How a TOD/TIF Could Create Grand Boulevards


Move LA has been investigating a number of ideas suggested by constituency leaders to create more affordable housing in mixed-income mixed-use neighborhoods along underutilized commercial corridors served by high-frequency transit—places where land may be cheaper and construction costs lower, and where residents wouldn't need to own cars because they could walk, bike and use transit instead. These are just a few of the more interesting and provocative ideas being discussed:

  • The creation of tax increment financing (TOD/TIF) zones where half the increment to be used for affordable housing and half for urban greening, bike lanes, better bus stops, crosswalks and improved sidewalks, etc., to enhance street life and make these neighborhoods pleasant and healthy places in which to live.
  • A requirement that in these zones cities build detached public-private parking structures—with groundfloor retail and live/work spaces—with the goal of reducing the cost of construction because developers wouldn't have to build parking and businesses wouldn't need to provide it.
  • The possibility of providing a categorical CEQA exemption for multi-family housing located in these locations that has no more than 50-60 units, 20% of which would be deed-restricted affordable housing—with the goal of encouraging moderate-density development that is likely to win the approval of neighbors.

"Land prices along many of these underutilized corridors are likely to be lower, and if construction costs are also lower and the approval process is made easier, that will also keep costs down for developers. And if these corridors are truly livable then the creation of mixed- or middle-income neighborhoods becomes possible," says Move LA Executive Director Denny Zane.

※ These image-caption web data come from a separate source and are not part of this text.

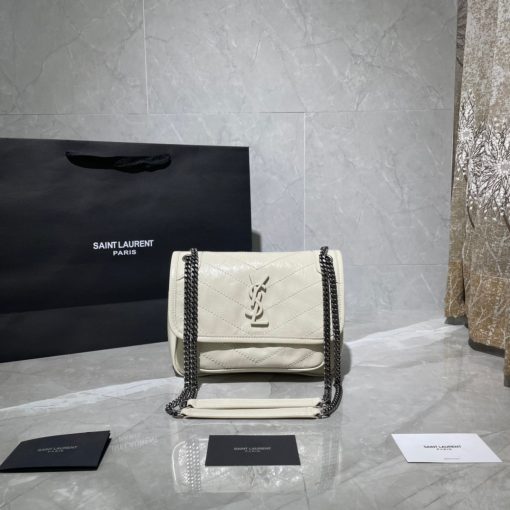 SAINT LAURENT Niki Baby in Crinkled Vintage Leather. Original Quality Bag including gift box, care book, dust bag, authenticity card. This bag is much more than a shoulder bag. It’s practical, elegant and modern. The chain really adds a nice finishing touch to it. The center comes with the signature YSL logo, which makes the bag very classy. The crinkled leather is eye-catching and creates a nice texture for the luxury experience. SAINT LAURENT monogram bag featuring a relaxed shape, a rectangular body, a quilted effect, a fold over top with magnetic closure, a front logo plaque, a main internal compartment, an internal zipped pocket, a front slip pocket and a leather convertible shoulder strap. | CRIS&COCO Authentic Quality Designer Bags and Luxury Accessories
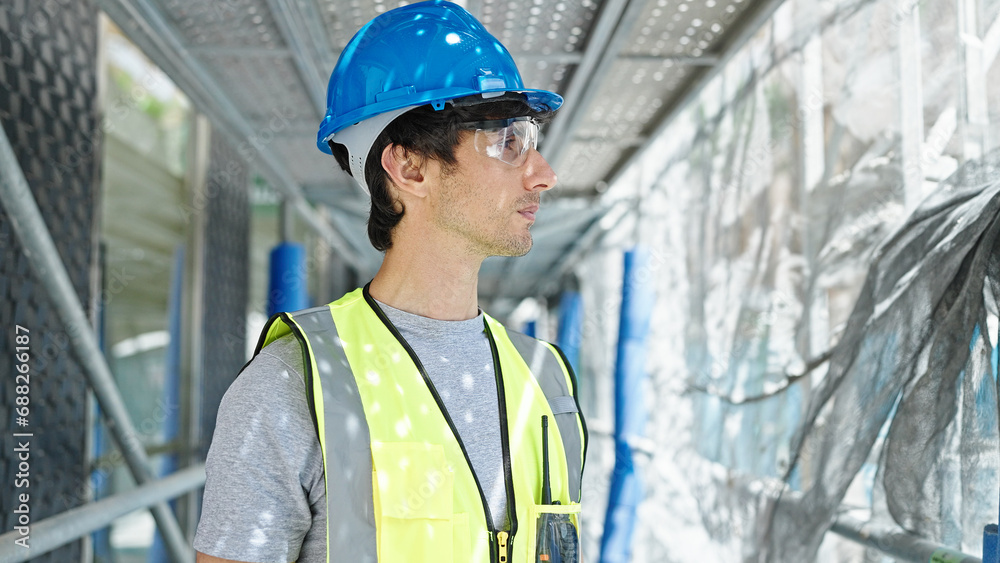 Young hispanic man architect wearing hardhat standing with serious face at construction place Young hispanic man architect wearing hardhat standing with serious face at construction place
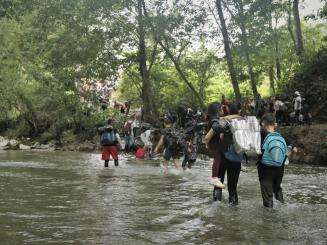 People migrating north walk across a river in the Darién Gap between Colombia and Panama.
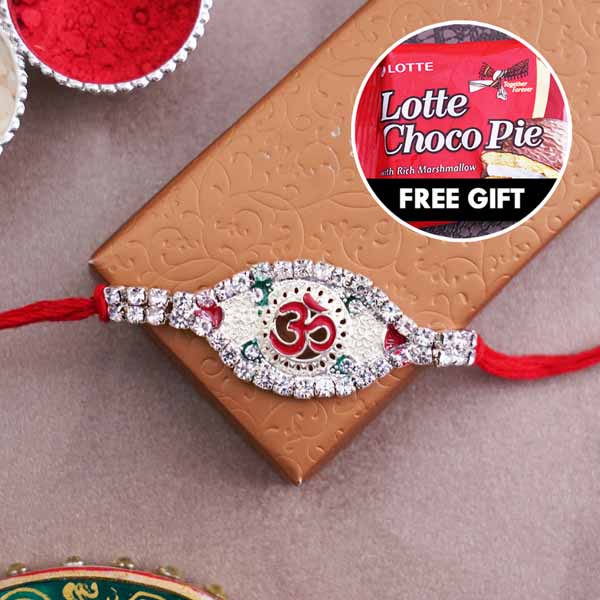 Silver Om rakhi with 1 Lotte Choco Pie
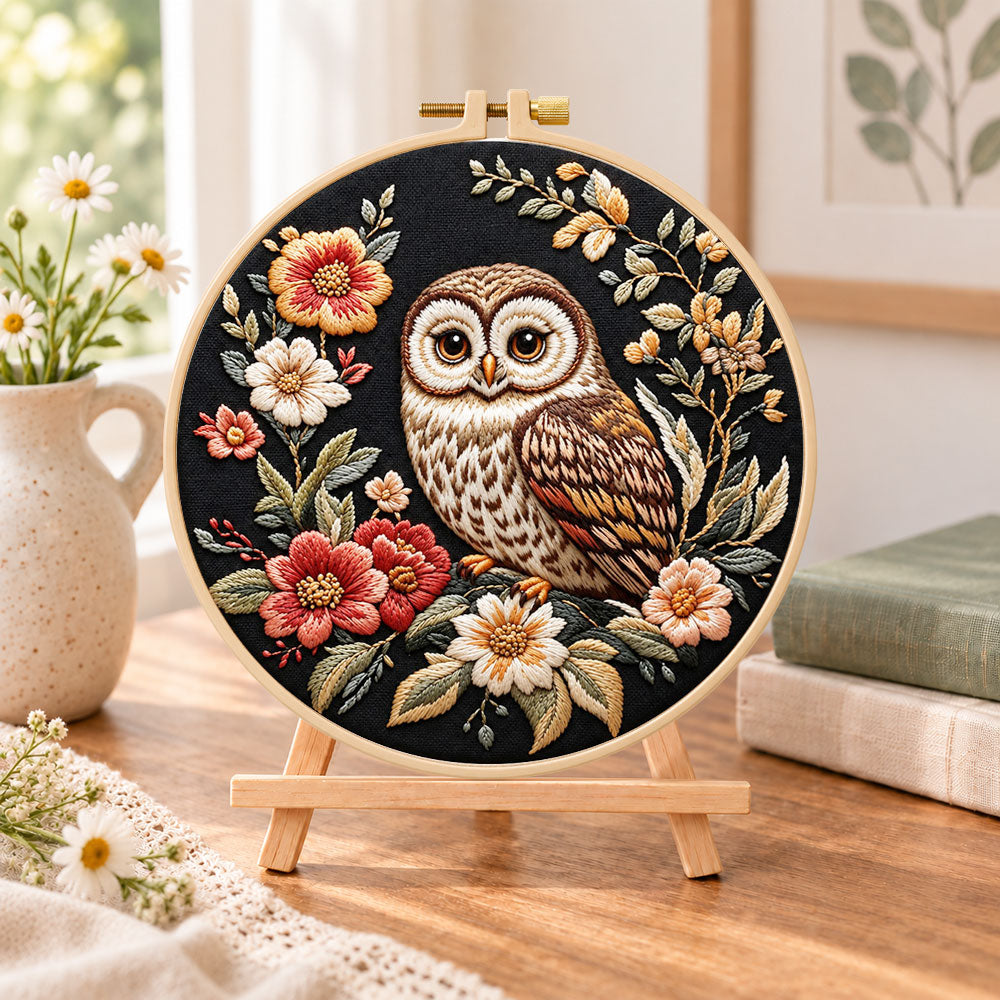 Owl on dark floral embroidery kit finished hoop displayed on a wooden stand as cozy tabletop decor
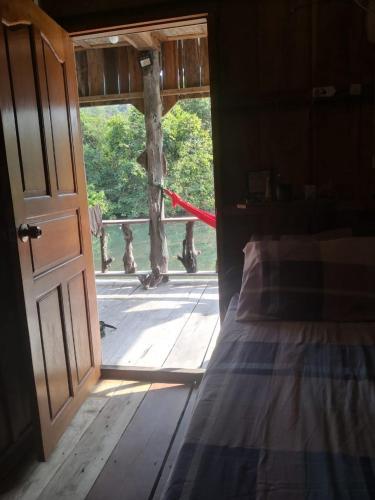 a bedroom with a door open to a porch with a bed at Friend of Nature Bungalow in Koh Rong Island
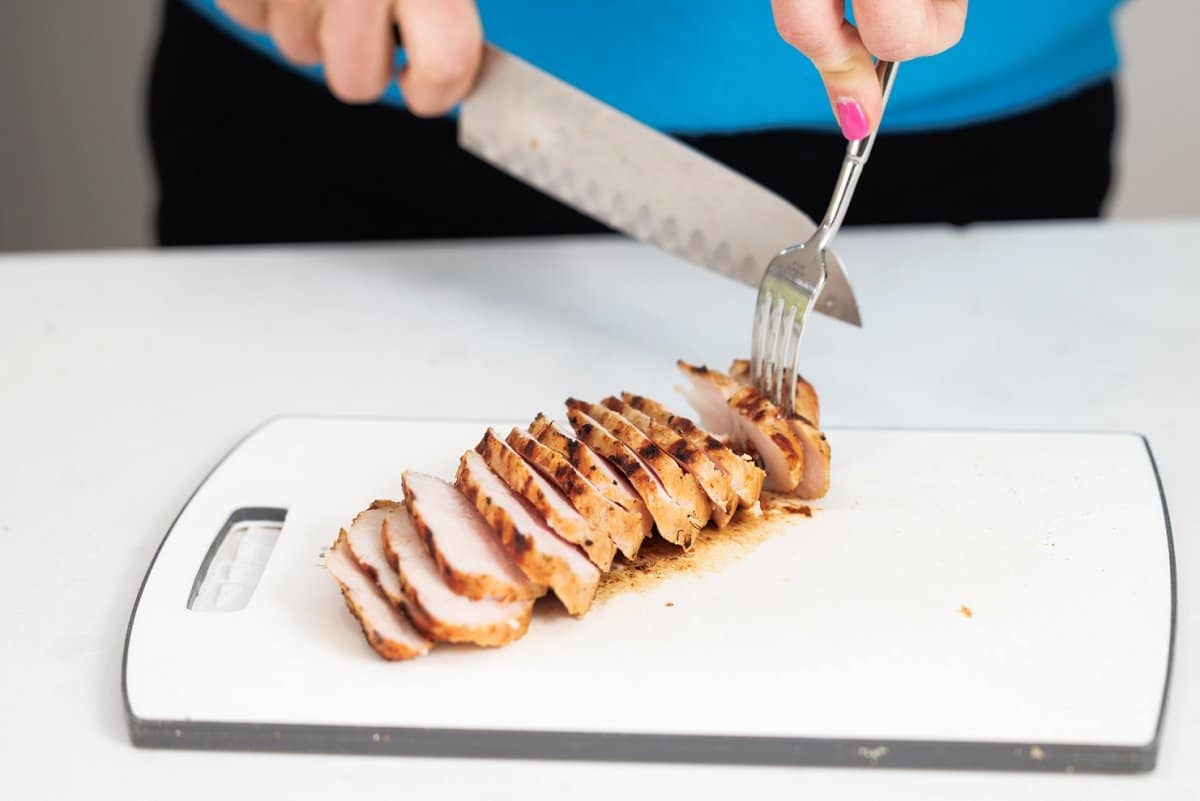 Liz slicing grilled turkey tenderloins with a sharp knife.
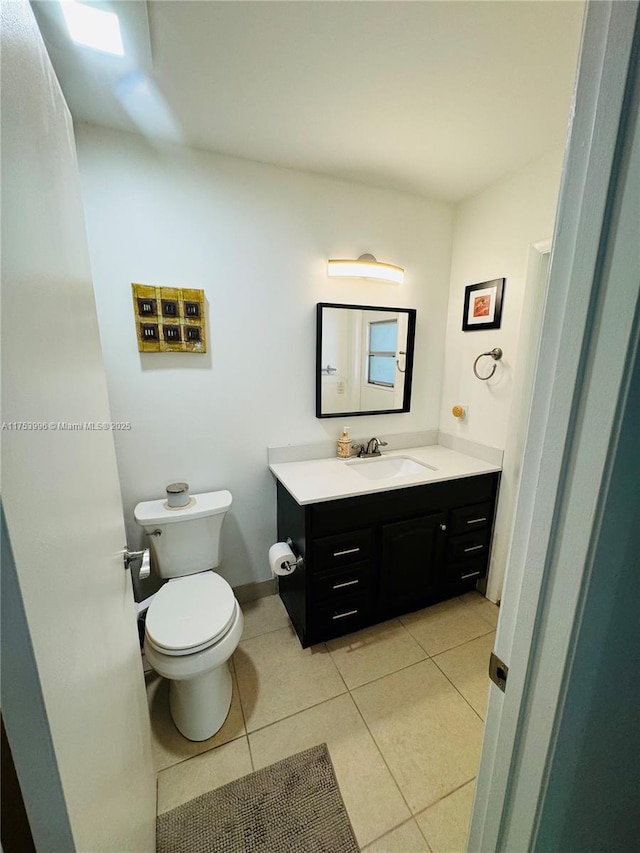 half bath with toilet, tile patterned flooring, and vanity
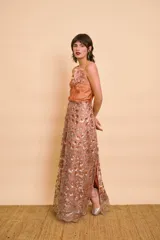 Pollera larga de malla bordada con lentejuelas y diseño de flores, con forro interno satinado y abertura lateral.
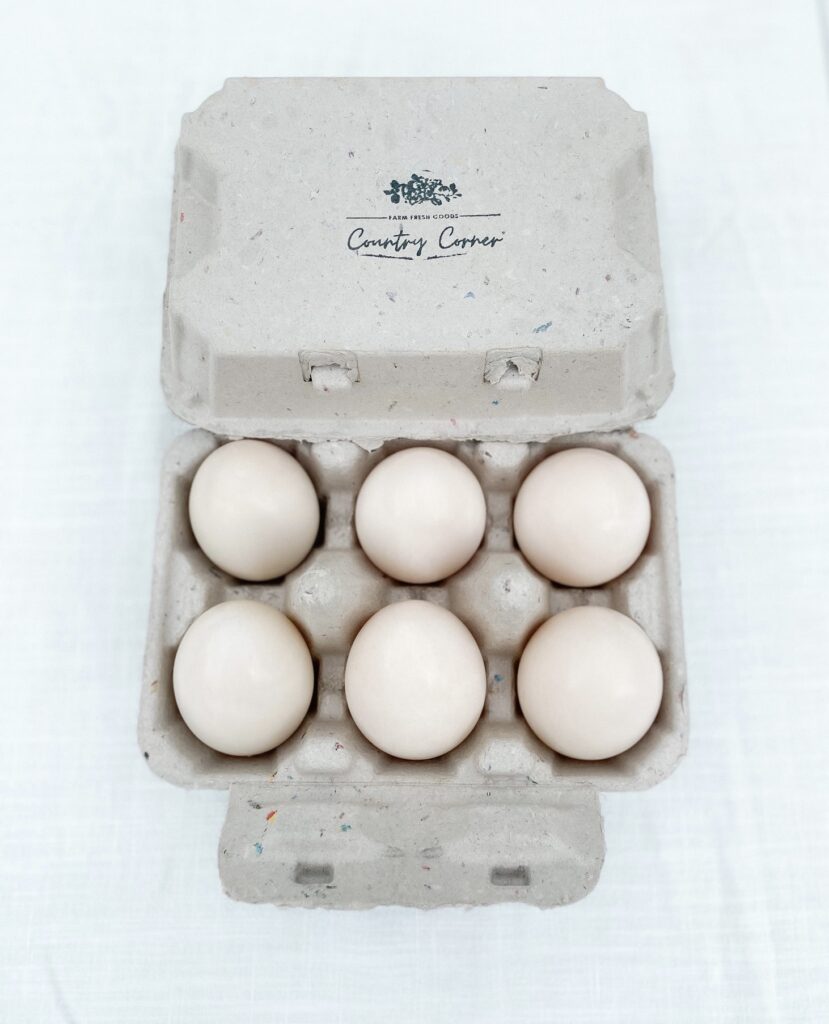 Gray egg carton with country corner logo stamp on lid holding 6 large white duck eggs.
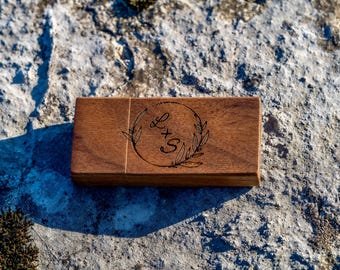 Op de afbeelding: Een rechthoekige houten doos met een donkerbruine afwerking. De doos heeft een lasergeëtst ontwerp van een cirkelvormige krans met de letters "L + S". De doos ligt op een getextureerd stenen oppervlak.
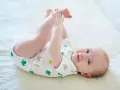 Ein süßes Baby, ca. 6 Monate alt, liegt auf dem Rücken und spielt mit seinen Füßen. Es trägt einen weißen Body mit grünen Fröschen.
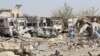 Damaged vehicles are seen at the site of a car bombing in Qalat, capital of Zabul Province, on September 19.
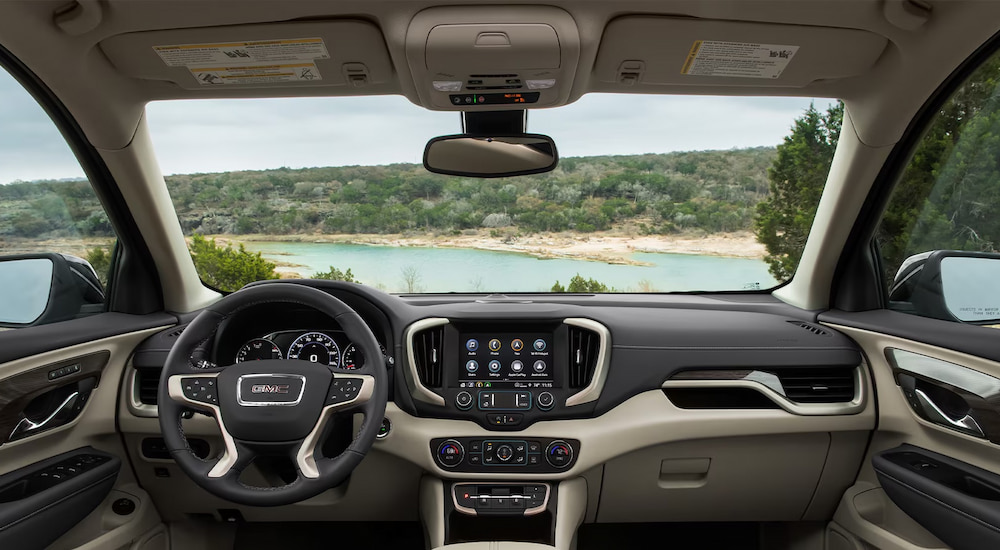 The steering wheel and dashboard in a 2024 GMC Terrain Denali for sale.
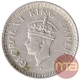 Silver One Quarter Rupee Coin of King George VI of Lahore Mint of 1945.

Denny has experience with this kind of development, having played a major role in the development of the mixed-use Third Street Promenade (pictured above) while on the Santa Monica City Council, and also planning for more than 2,000 units of moderate-density housing (with more than 30% affordable) in downtown Santa Monica in buildings that averaged 5 or 6 stories. Denny began his career doing rent-control campaigns in Santa Monica and founding Santa Monicans for Renters Rights, which has maintained Santa Monica's progressive agenda over 4 decades.

Below is a proposal for legislation to create a TOD/TIF that could facilitate the development of housing, especially affordable housing, near transit.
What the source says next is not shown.